Incumbent(54)



The thought of what she endured after that broke my heart. I couldn’t shake the thought of how terrified she must have been. What kind of parent did that to their child? It was no wonder she didn’t want anything to do with them.

Greg was in my thoughts as well. He’d served our country in a way I’d always wanted to, and now the poor guy was presumed dead. Lucy’s chest must have felt like an elephant had been sitting on it for years with the amount of guilt she’d been carrying around. I needed to lift that weight off her in some way.

“Hey!”

I turned to see Gretchen walking toward me, and I frowned. “I told you I’d be right in.”

“Don’t snap at me.” She came up to me and rested her back against the railing, her elbow brushing mine.

“Sorry, I didn’t mean to snap. Did you tell Lucy I’d be back soon?” I glanced behind her, but all I saw was wooden planks dimly lit by the dock lights.

“No, I didn’t, because she isn’t there.” Sadness washed over her face.

“What do you mean?”

“She left. Mom told me a cab came to pick her up.”

Frozen in place, I stared at Gretchen as I watched her lips move, thinking my ears didn’t hear her correctly.

“Mom said she seemed sad,” she said. “What happened?”

“FUCK!”

I took off running across the dock to get to the house. Gretchen’s feet pounded the wooden planks behind me, and she caught up with me at the front porch where the rest of my family stood waiting for us.

“Drake, honey.” My mom extended her hand.

“What did she say?”

I’d never seen my mom’s eyes so sad. She was normally such a cheerful person, and now she looked as unhappy as I felt.

“She’s fallen for you,” Mom said softly, and gave my hands a squeeze, “but she needed to give you space.”

My head bobbed in understanding. I glanced around at the rest of my family to find they all wore the same sympathetic expression as my mother.

Overwhelmed, I released my mom’s hands. “Please excuse me.”

I hurried upstairs, taking the steps two at a time, to see for myself whether her things were gone. Sure enough, they were. Lucy had left. How could she leave?

Then I saw it, a piece of paper on the bed. With trembling fingers, I picked it up and sat down to read what she wrote.



Dear Drake,



This isn’t a “Dear Drake” letter, even though that’s the way it started. I’m going home, but I’m only leaving because I want to give you space and time to digest everything I’ve told you.



I’d like to say I would’ve done things differently, but I don’t think I would have. Some people might say that I’ve been hiding from my past for the past ten years, and I guess on some levels that’s true. But in my mind and heart, Abigail is dead, and I never wanted to resurrect her.

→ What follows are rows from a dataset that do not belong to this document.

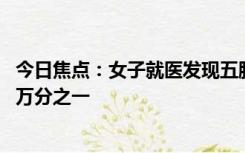 今日焦点：女子就医发现五脏六腑全长反 全球发生率仅为百万分之一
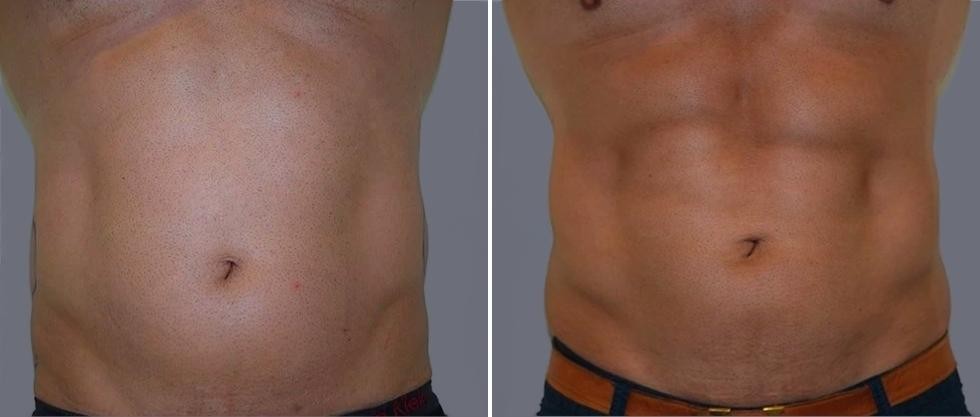 Vaser Hi Definition Pre2024 031 Before And After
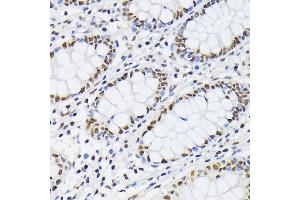 Immunohistochemistry (IHC) image for anti-Polypyrimidine Tract Binding Protein 1 (PTBP1) (AA 1-290) antibody (ABIN3022618)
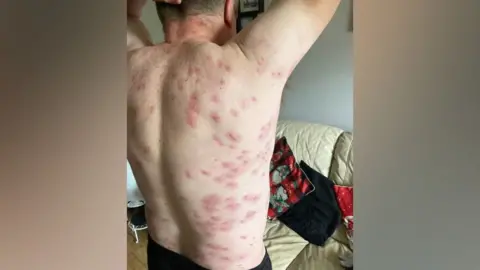 Andrew Powell Wasp stings on man's back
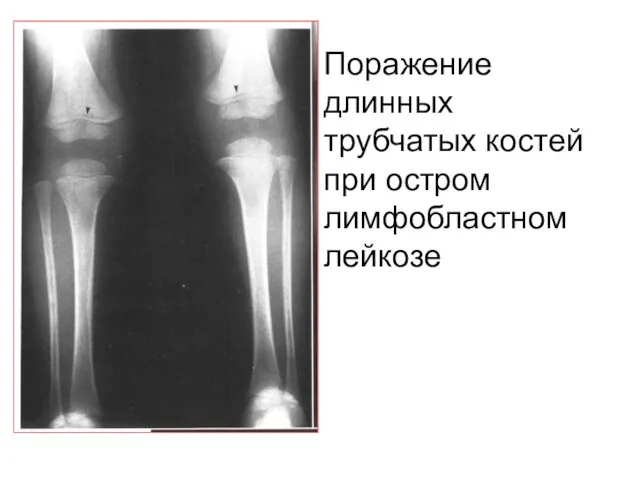 Поражение длинных трубчатых костей при остром лимфобластном лейкозе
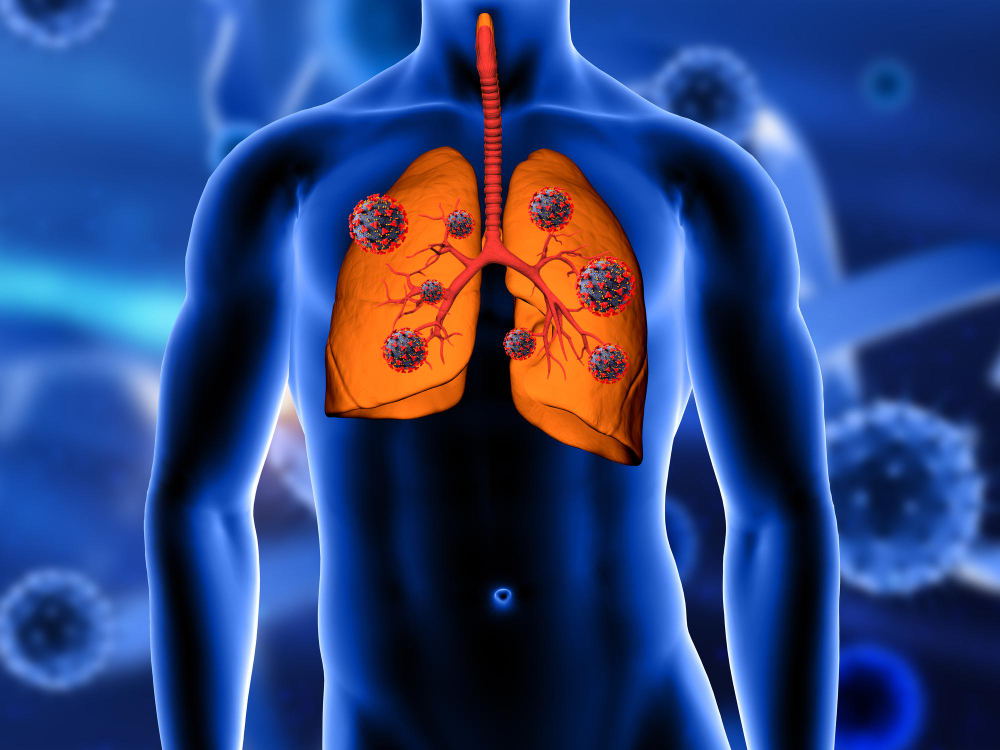 Brief introduction of Non-Small Cell Lung Cancer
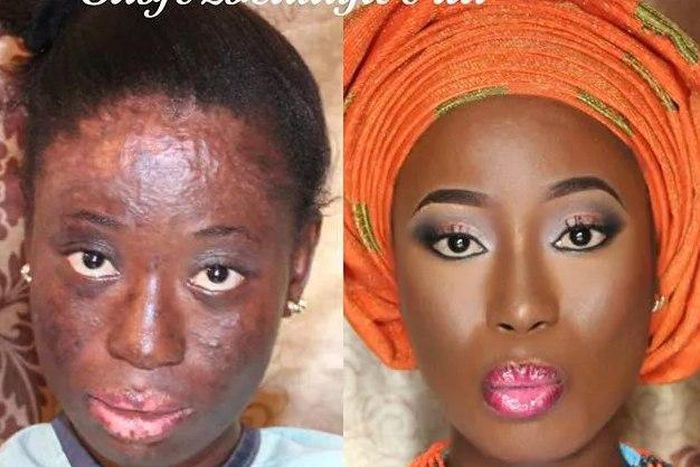 How A Makeup Artist Transformed Gas Explosion Survivor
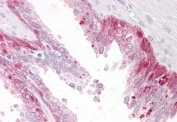 IHC testing of FFPE human prostate tissue with PHLDA2 antibody at 4ug/ml. HIER: steamed with pH6 citrate buffer, AP-staining.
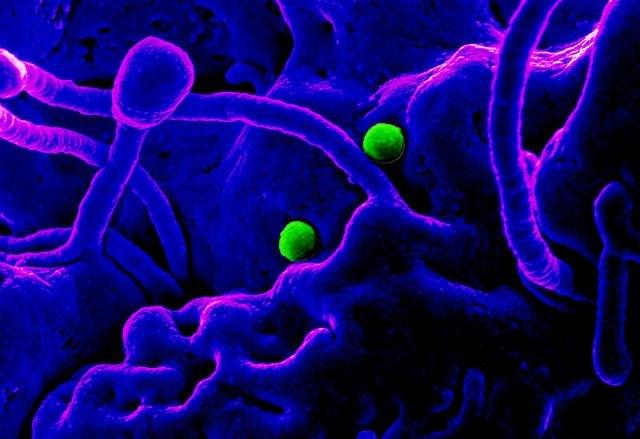 MERS virus particles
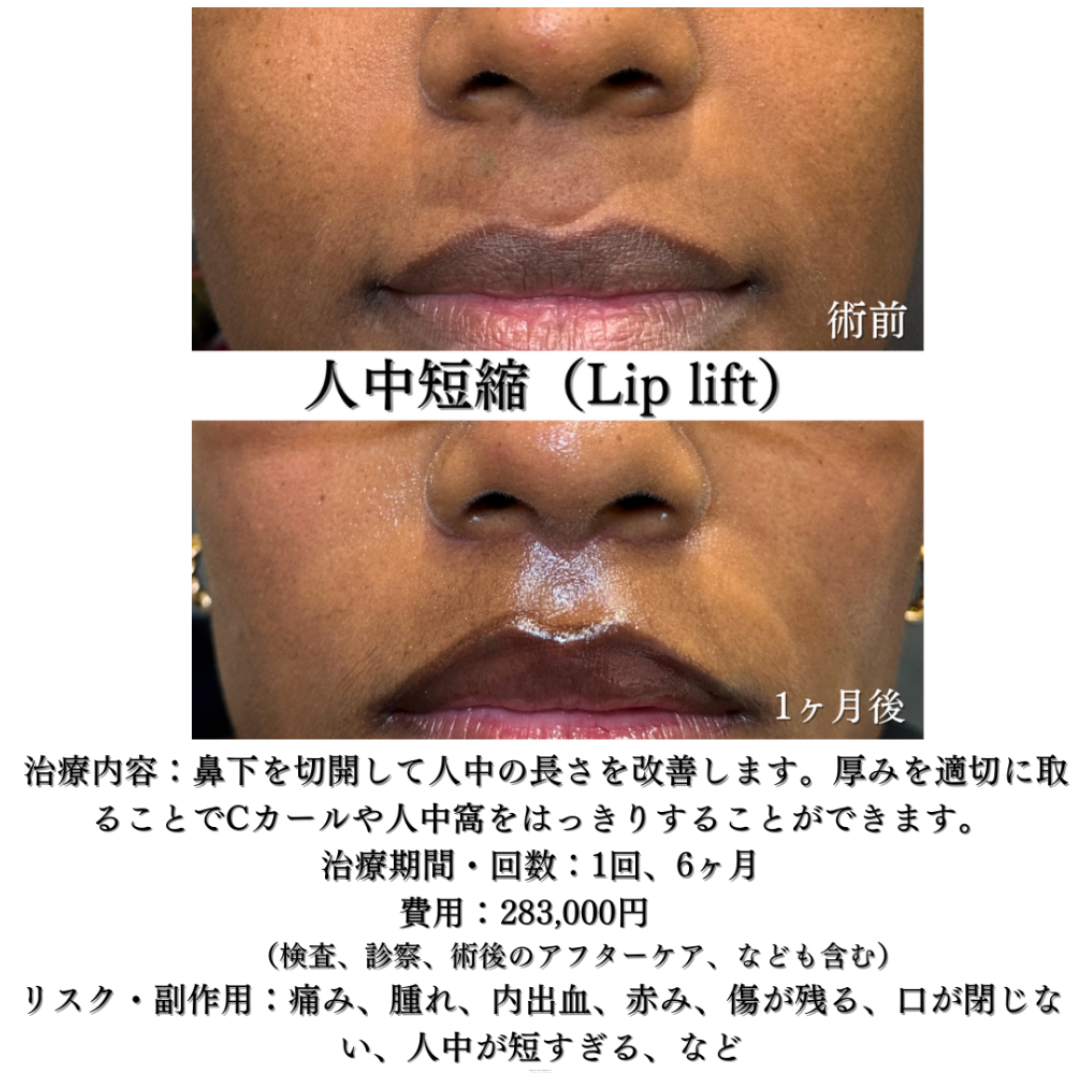 人中短縮1ヶ月です💁‍♀️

I’m so ashamed of what I did, and for what I let my parents do to me. My only excuse is that I was young and afraid. All I can hope for is that in time you’ll understand.



When I first saw my picture in the paper, I was terrified, and when it happened again, I knew I needed to tell you. Your life is so public, I should have never started a relationship with you, but it was out of my hands. My heart wanted you when we met, and before long, my body and soul ached for you.



I won’t be calling, and not because I won’t want to but because I can’t. You need to be ready to accept everything that I’ve told you.



There’s one thing I haven’t told you, something I regret now that I hadn’t shared with you yet. I’ve fallen in love with you, and because of that, if you need me to, I’ll let you go.



Always,



Lucy





I must have read her letter at least five times, and my head spun with her words.

In love with me.

Let me go.

She ached for me.

This was an anomaly for me. In my profession and for the most of my adult life, I was the decision maker, the problem solver, the one people turned to. But now I was at a loss.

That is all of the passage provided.